= ACTION ITEM =
The records beneath should be printed exactly, and the pictures are to be left out.

Short text fragments from websites:
____

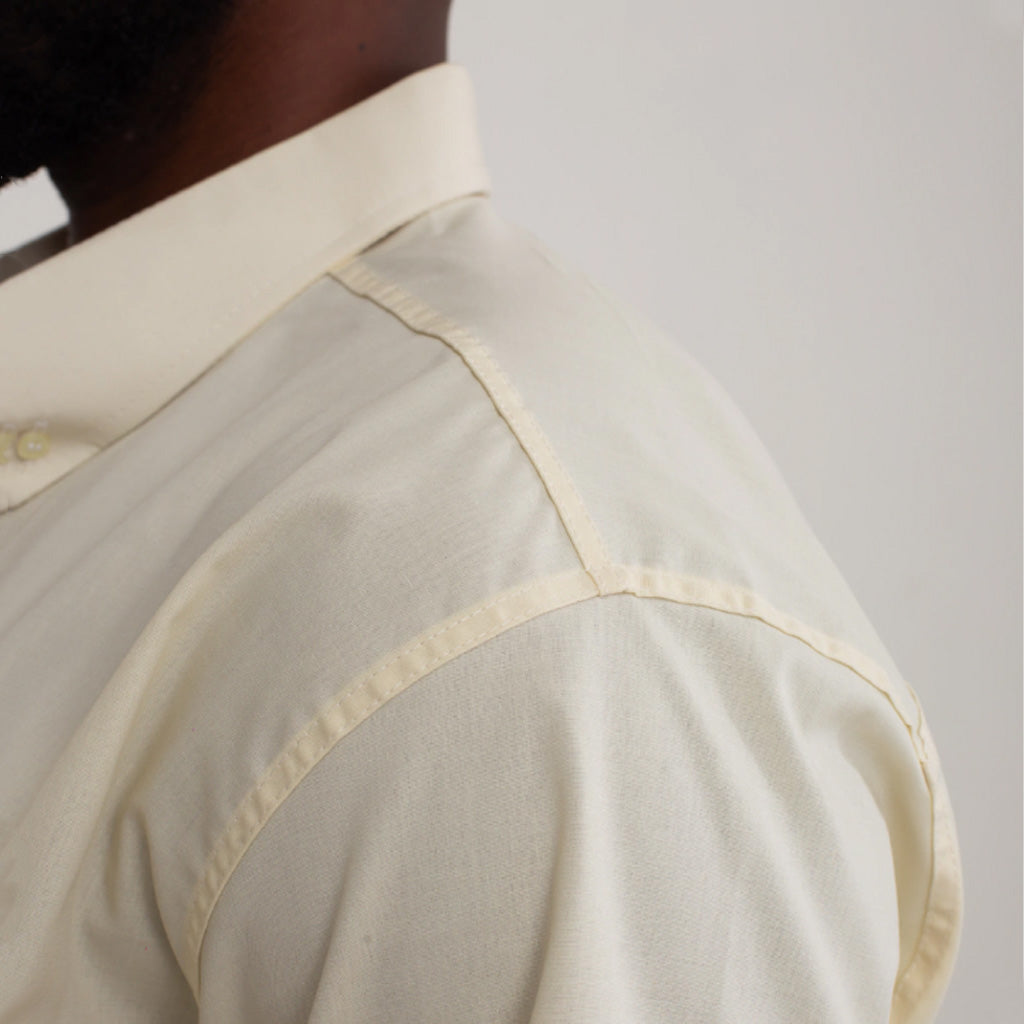Camisa Social Amarelo Claro Algodão Manga Curta Masculina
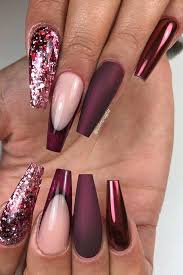 #coffin nails #fall nails #matte nails #maroon nails #acrylic nails. 23 Chic Ways To Wear Maroon Nails This Fall Women Style Blog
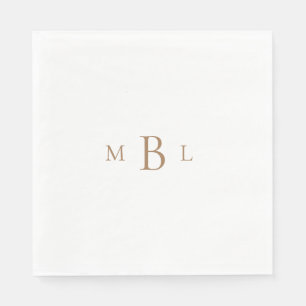 Gold Monogram White Elegant Wedding Luncheon Servet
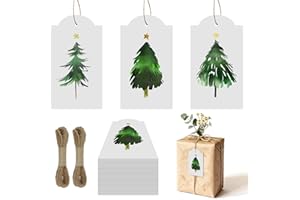 Oeyliz Christmas Gift Tags Christmas Tree Gift Tags with String 60 PCS Christma Tags for Gifts Bags Christmas Tree Paper Tags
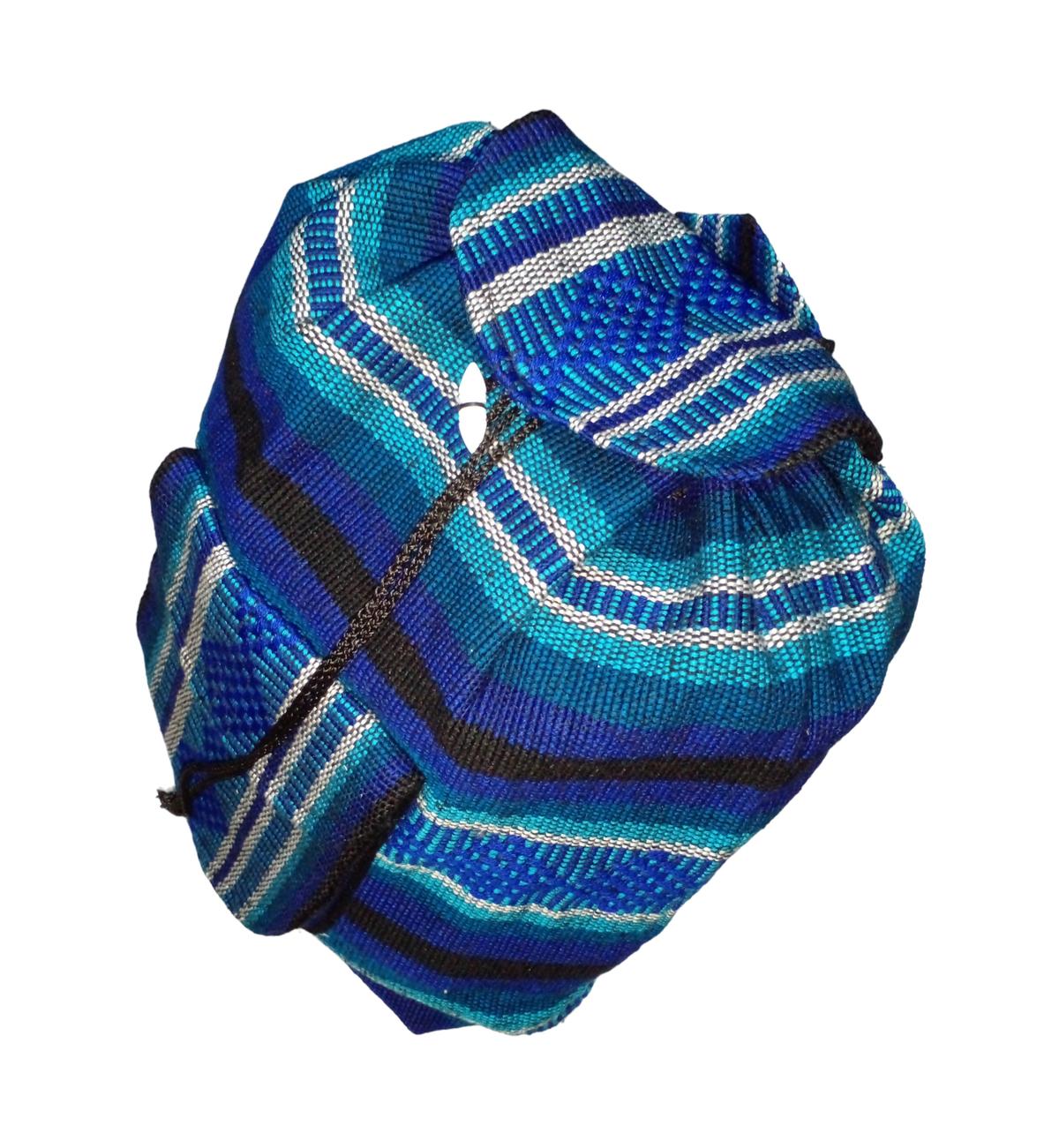 Foto 4 pulgar | Mochila Bicolor Tejida Artcraftmx  Mxeda-001  1 Pza  Azul/azul Cielo/negro  Hechas A Mano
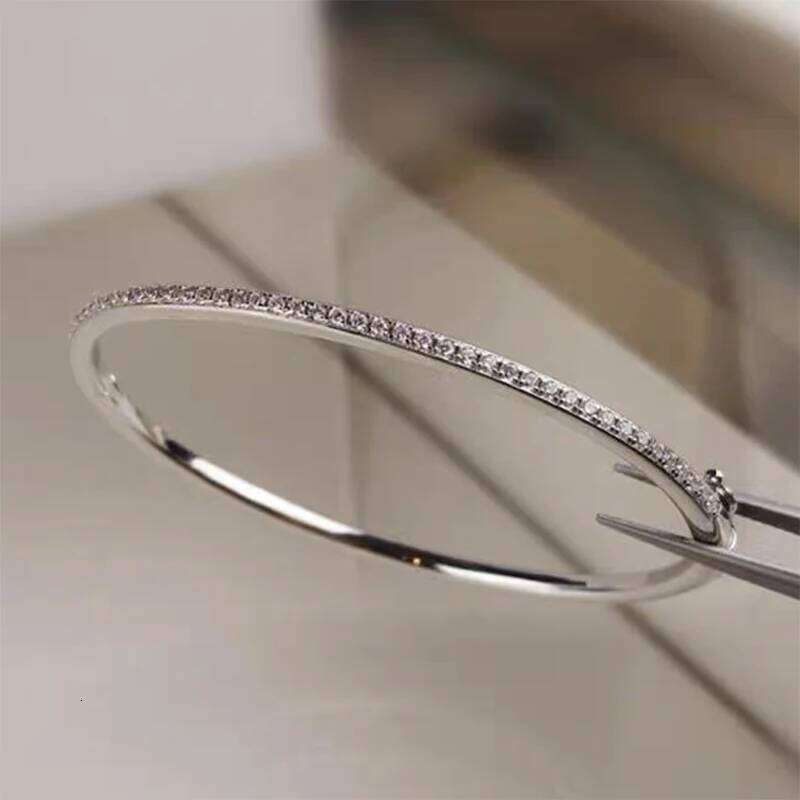 Quality Brand Pure 925 Sterling Silver For Women Gold Move Diamond Wedding Jewelry Around Rivet 6cm Bangle XJ260127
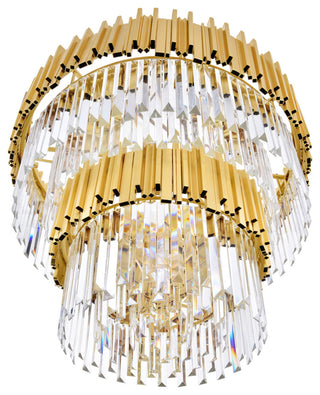 Deco 12 Light Down Chandelier With Medallion Gold Finish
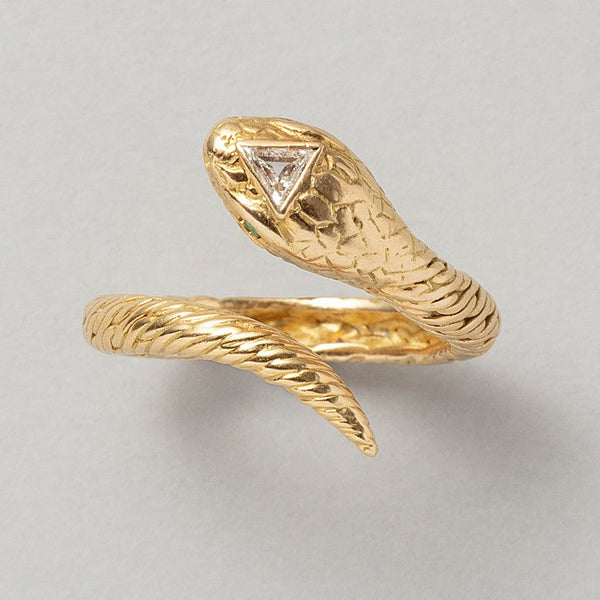 Vintage French 18ct Yellow Gold Snake Ring with Diamond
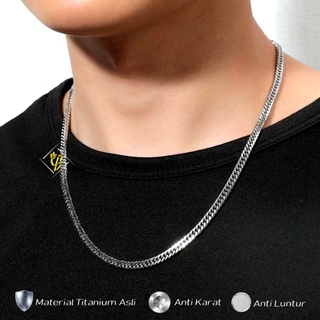 Titanium Necklace Men Anti Rust Color Silver Gold White Men Genuine Chain Rante Cool Flat Shopee Malaysia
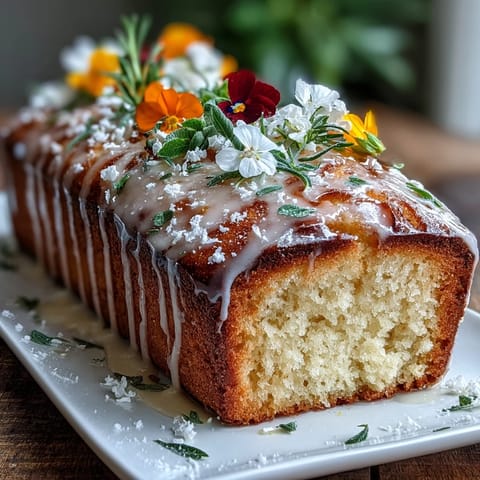 Mothers Day Lemon Drizzle Cake with Edible Flowers: Moist lemon loaf topped with bright citrus drizzle and colorful edible flowers, perfect for Mother's Day.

____

= TASK OUTPUT =
Camisa Social Amarelo Claro Algodão Manga Curta Masculina
 #coffin nails #fall nails #matte nails #maroon nails #acrylic nails. 23 Chic Ways To Wear Maroon Nails This Fall Women Style Blog
 Gold Monogram White Elegant Wedding Luncheon Servet
 Oeyliz Christmas Gift Tags Christmas Tree Gift Tags with String 60 PCS Christma Tags for Gifts Bags Christmas Tree Paper Tags
 Foto 4 pulgar | Mochila Bicolor Tejida Artcraftmx  Mxeda-001  1 Pza  Azul/azul Cielo/negro  Hechas A Mano
 Quality Brand Pure 925 Sterling Silver For Women Gold Move Diamond Wedding Jewelry Around Rivet 6cm Bangle XJ260127
 Deco 12 Light Down Chandelier With Medallion Gold Finish
 Vintage French 18ct Yellow Gold Snake Ring with Diamond
 Titanium Necklace Men Anti Rust Color Silver Gold White Men Genuine Chain Rante Cool Flat Shopee Malaysia
 Mothers Day Lemon Drizzle Cake with Edible Flowers: Moist lemon loaf topped with bright citrus drizzle and colorful edible flowers, perfect for Mother's Day.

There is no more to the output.